Some cabinet ministers have joined Tory backbenchers in warning that the Government will face a backlash when 3.2 million people are told just before Christmas that their state-funded wage top-ups will be reduced next April.
The Chancellor has already promised to raise the amount of tax-free earnings, currently £10,600 a year, to £10,800 next April and £11,000 a year later. Ministers pressing for a rethink argue a faster timetable would help many of those hit by the tax credit cuts. An announcement in the March Budget would come on the eve of the cuts. “We could take the sting out of it without doing a U-turn,” one minister said.
Another option would be to raise the £6.70 an hour minimum wage, which will increase to £7.20 an hour next April for those aged 25 and over, when it is rebranded as a national living wage. But that would increase employers’ costs and would not help those on tax credits who earn more than the legal minimum.
With some Tory MPs warning of a repeat of Margaret Thatcher’s hated poll tax, pressure for a climbdown mounted at the party conference. David Willetts, the former universities minister who will soon become a Tory peer, told a Resolution Foundation fringe meeting that the impact of the tax credit cuts should be “softened” to address two problems – cash losses for some families and a marginal tax rate of 80 per cent when their credits are withdrawn as their earnings rise. Keeping only 20p of every extra £1 earned would deter some people from working longer hours, he said.
At the same meeting, Matthew Hancock, the Cabinet Office minister, said the tax credit cuts should not be seen in isolation but taken together with the tax and minimum wage changes. “The best way to help people in these circumstances is to increase pay,” he said.
Boris Johnson, the Mayor of London, made a barely coded criticism of the cuts in his speech to the conference. He said: “We must ensure that as we reform welfare and cut taxes we protect the hardest working and low paid.”
David Cameron was forced on to the defensive as he was quizzed about the cuts in a round of media interviews. He insisted the changes had already been approved by the Commons and denied there was “growing hostility” in his party.

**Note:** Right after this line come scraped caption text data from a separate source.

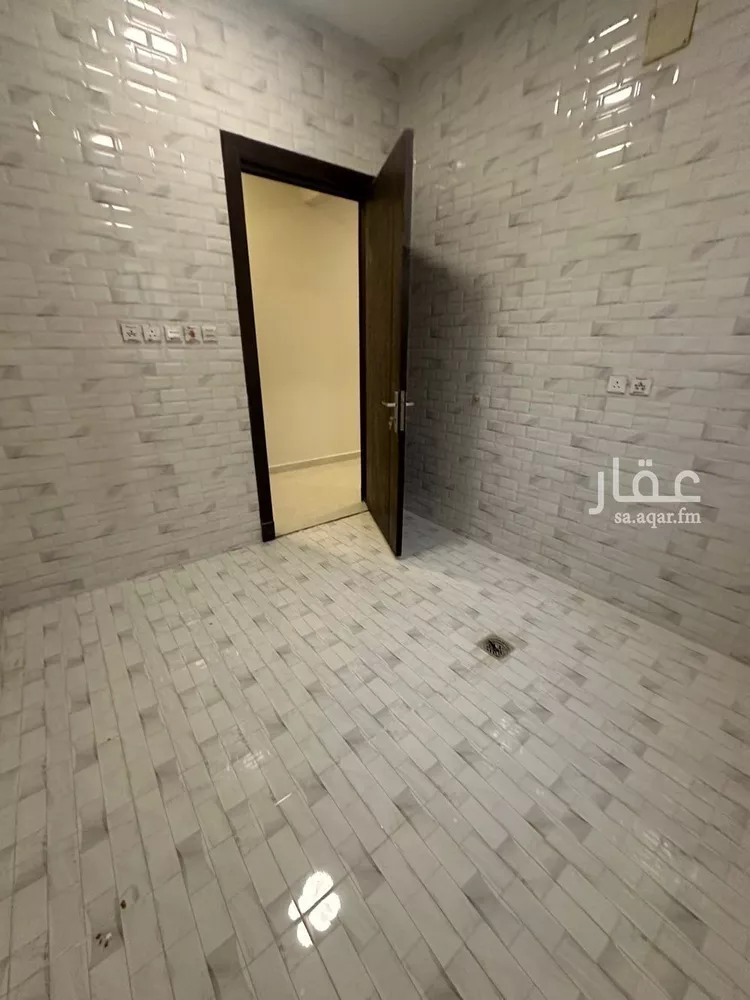 شقة للإيجار في شارع أحمد بن علي الباغاني, حي العارض, مدينة الرياض, منطقة الرياض 15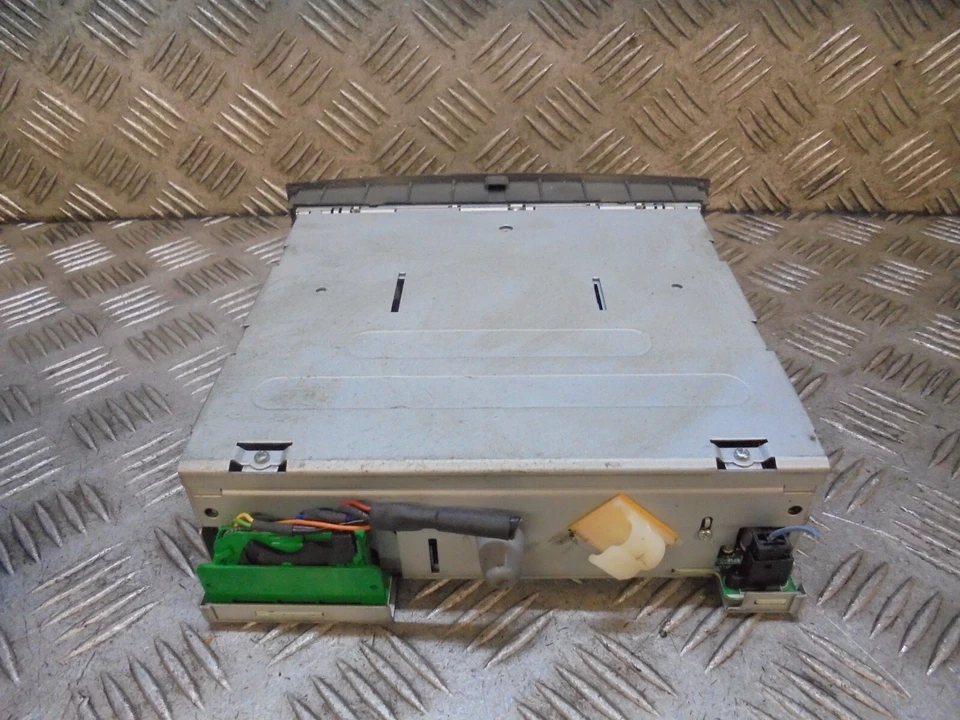 RENAULT MEGANE 2006 2.0 PETROL MK2 5DR CD CHANGER 8200505121-A - Image 2 of 3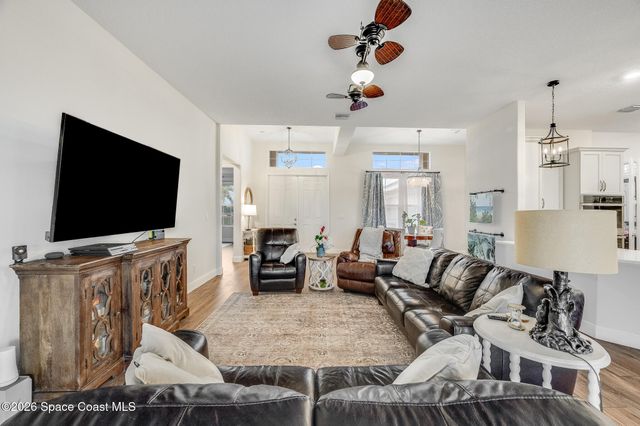 718 Yearling Trail, Sebastian, FL 32958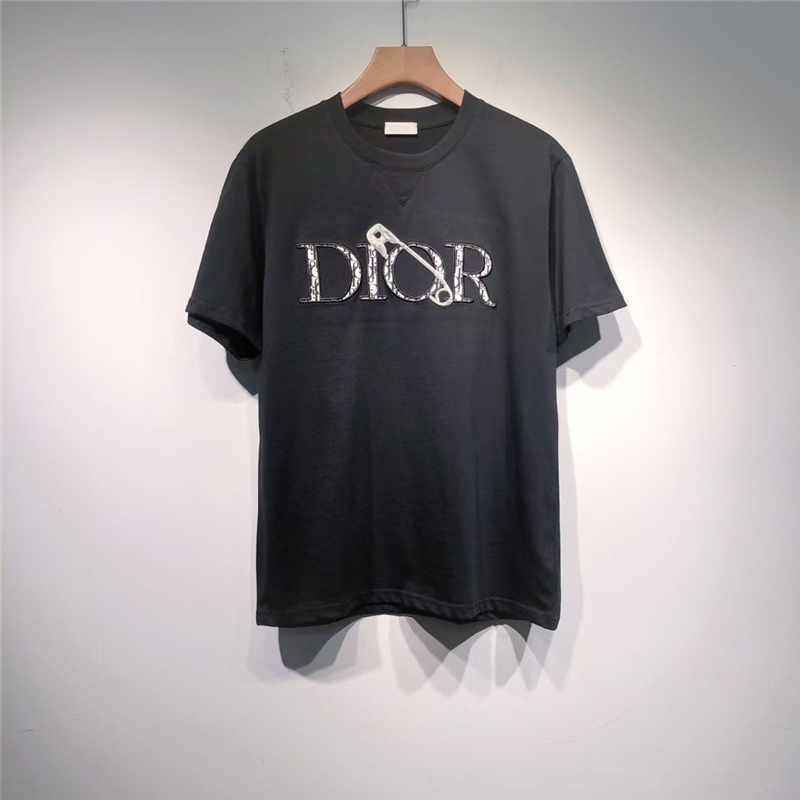 2021ss fashion brand D home embroidery pin CD letter half sleeve fashion net red casual loose short sleeve T-shirt, White;black
2021ss fashion brand D home embroidery pin CD letter half sleeve fashion net red casual loose short sleeve T-shirt, White;black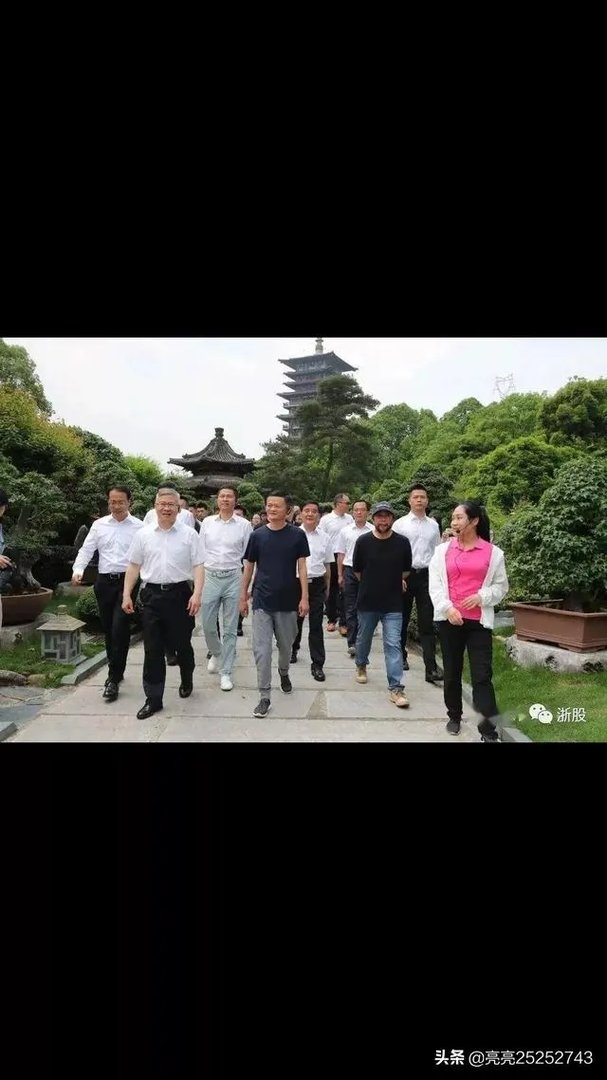 郁国祥和钱峰雷谁厉害？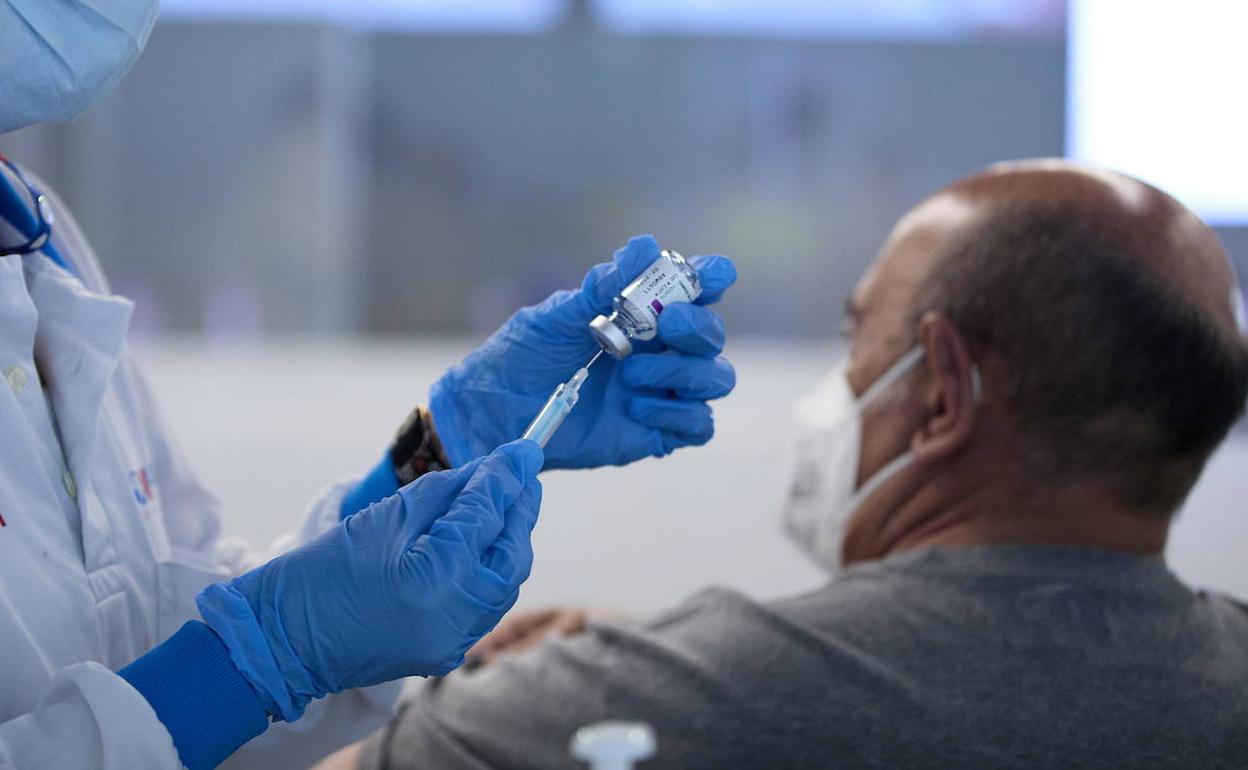 Una persona recibe la vacuna contra la covid-19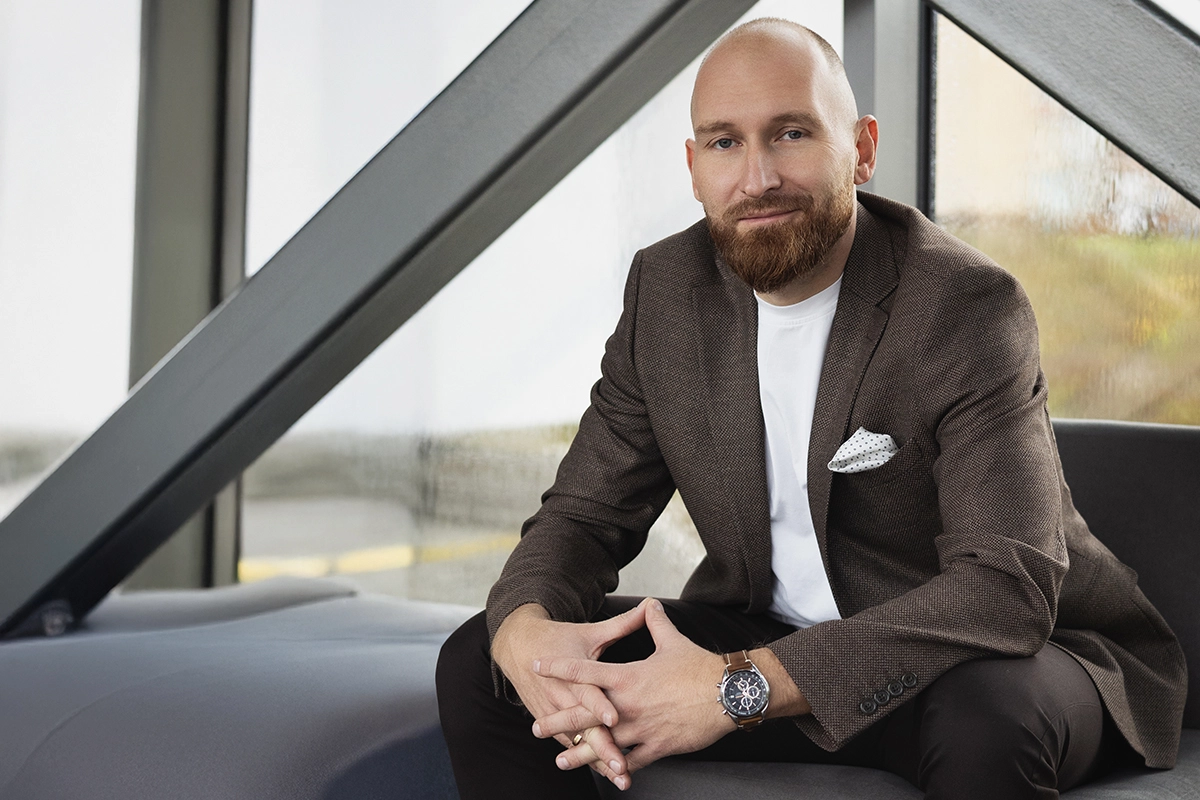 Dwa skrajne bieguny [FELIETON]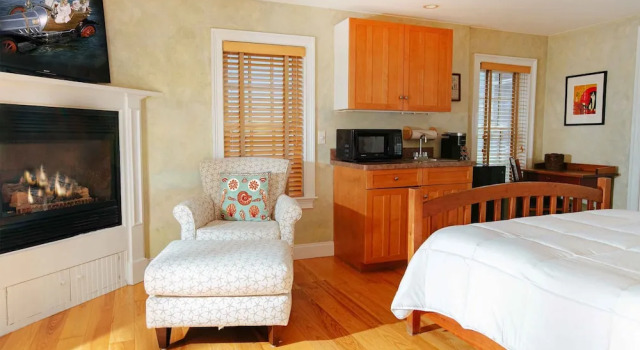 Двухместный номер Standard с балконом и с красивым видом из окна The Provincetown Hotel at Gabriels
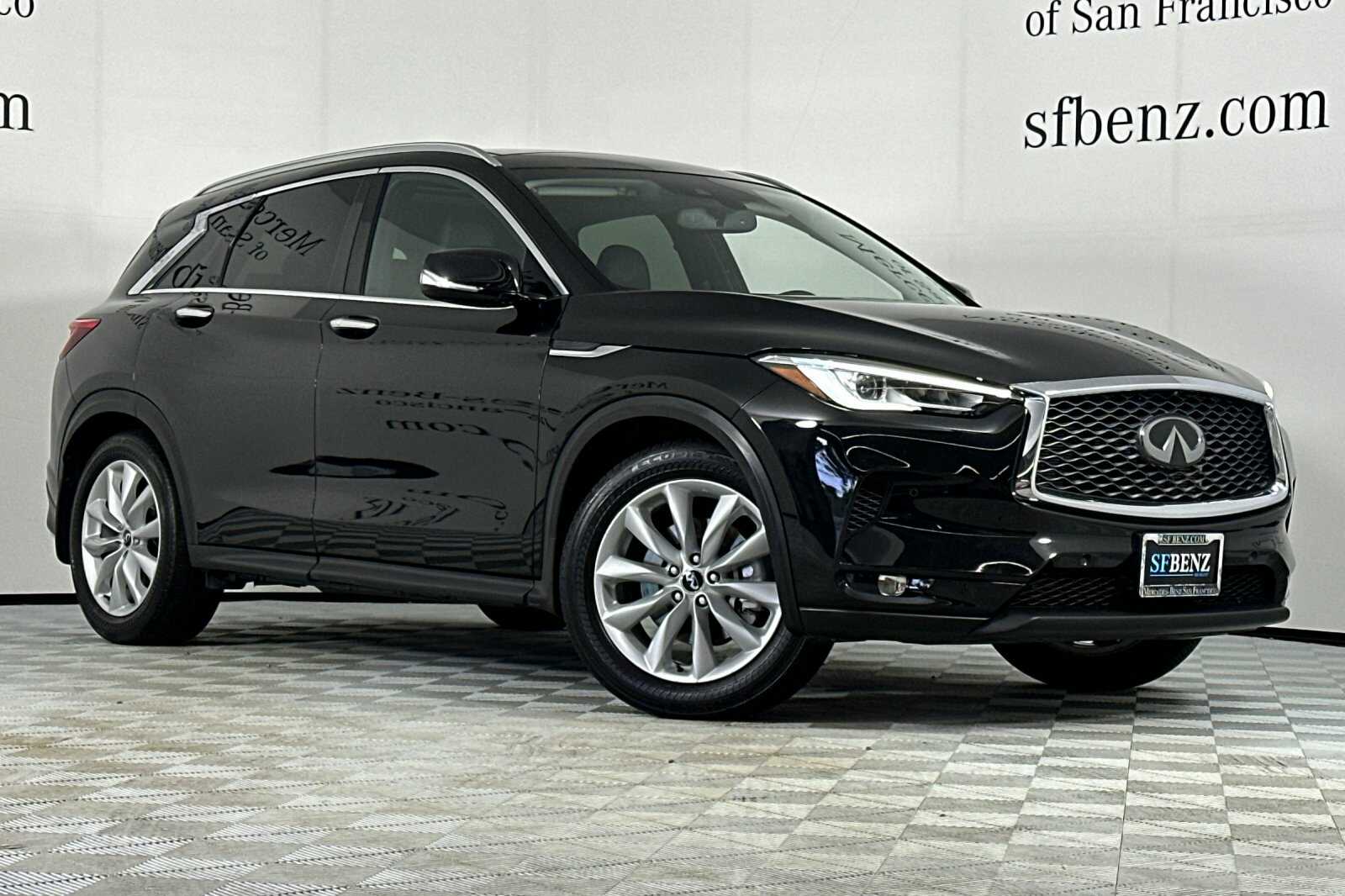 2019 Infiniti QX50 Essential SPORT photo 2
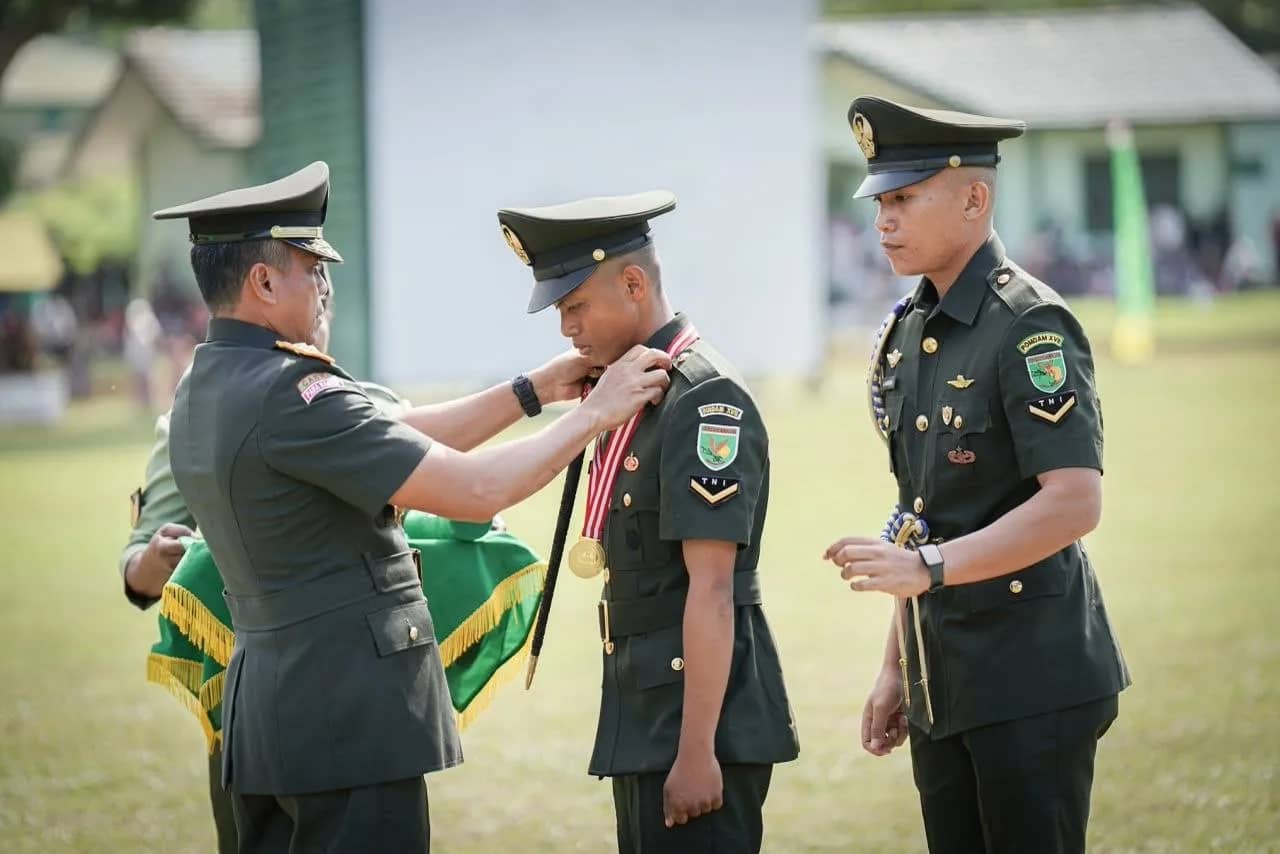 Pangdam XVII/Cenderawasih Mayjen TNI Febriel Buyung Sikumbang saat melantik 98 prajurit TNI AD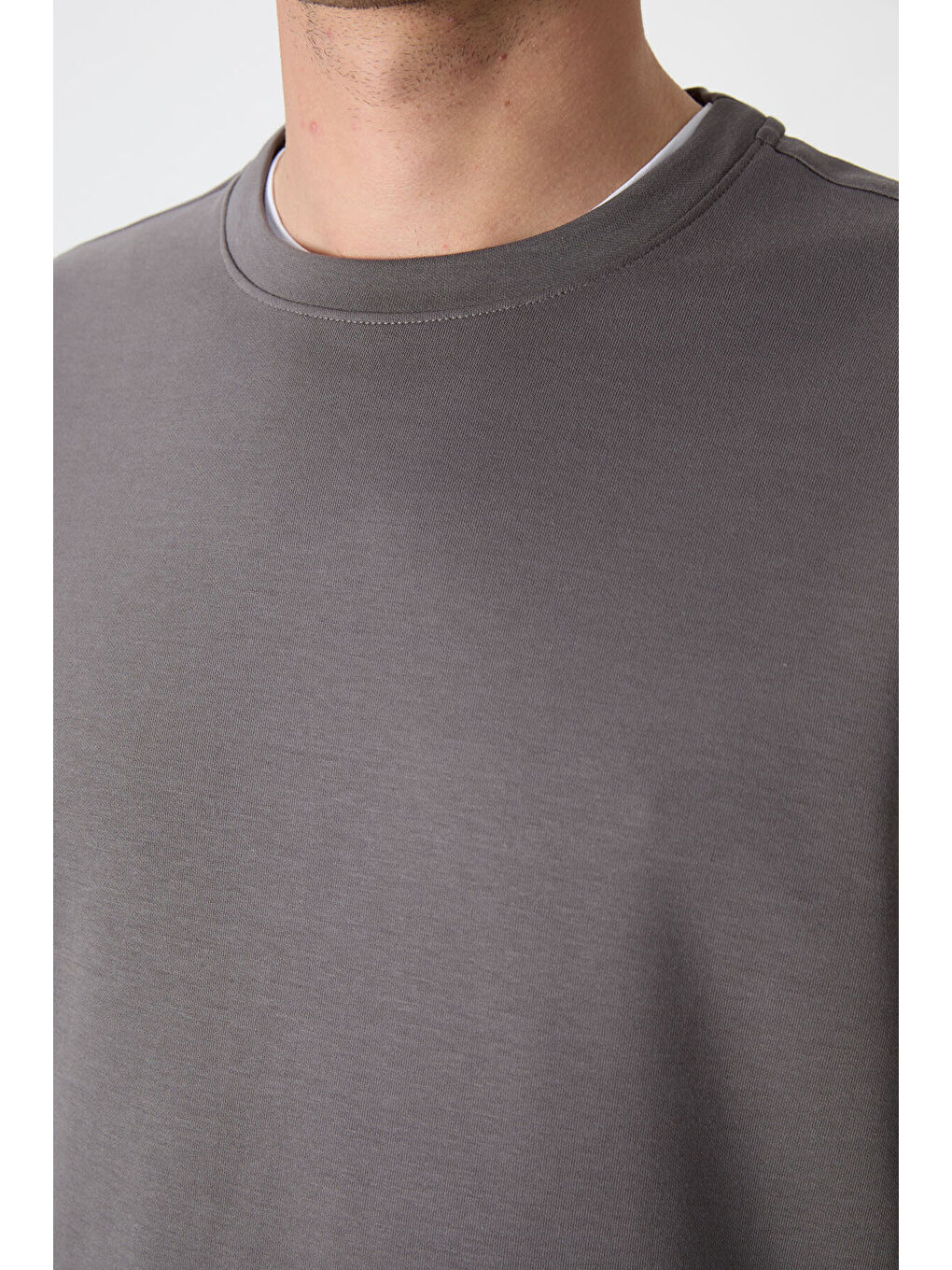 Koyu Gri Basic O Yaka Rahat Form Erkek Sweatshirt - 88053-3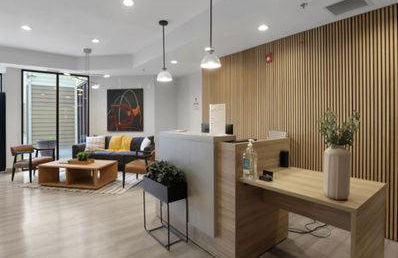 Contemporary 2BR2BA with Great Amenities - Foto 11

Asked about Mr Johnson’s speech, the Prime Minister said: “Yes, we should be helping the lowest paid, and that’s what we are doing. The lowest paid are getting a £20-a-week pay rise next year with the introduction of the national living wage.”
Mr Cameron had to defend Jeremy Hunt, the Health Secretary, who suggested on Monday that people on tax credits should work as hard as the Chinese to boost their income. The Prime Minister admitted he was initially surprised by Mr Hunt’s remarks, adding: “I then actually read what he said in full and I could see what he was trying to say. Which is, we want Britain to be one of the success stories in the world and British people do work incredibly hard.”
The TUC seized on figures from the Office for National Statistics on the reduction in workless households as evidence of the success of tax credits. They showed the proportion of households without work fell from 20.9 per cent in 1996 to 15.8 per cent in 2015. Frances O’Grady, the TUC general secretary, said: “It should act as a warning to the Prime Minister and Chancellor not to rush ahead with cuts to tax credits that would put work incentives at risk.”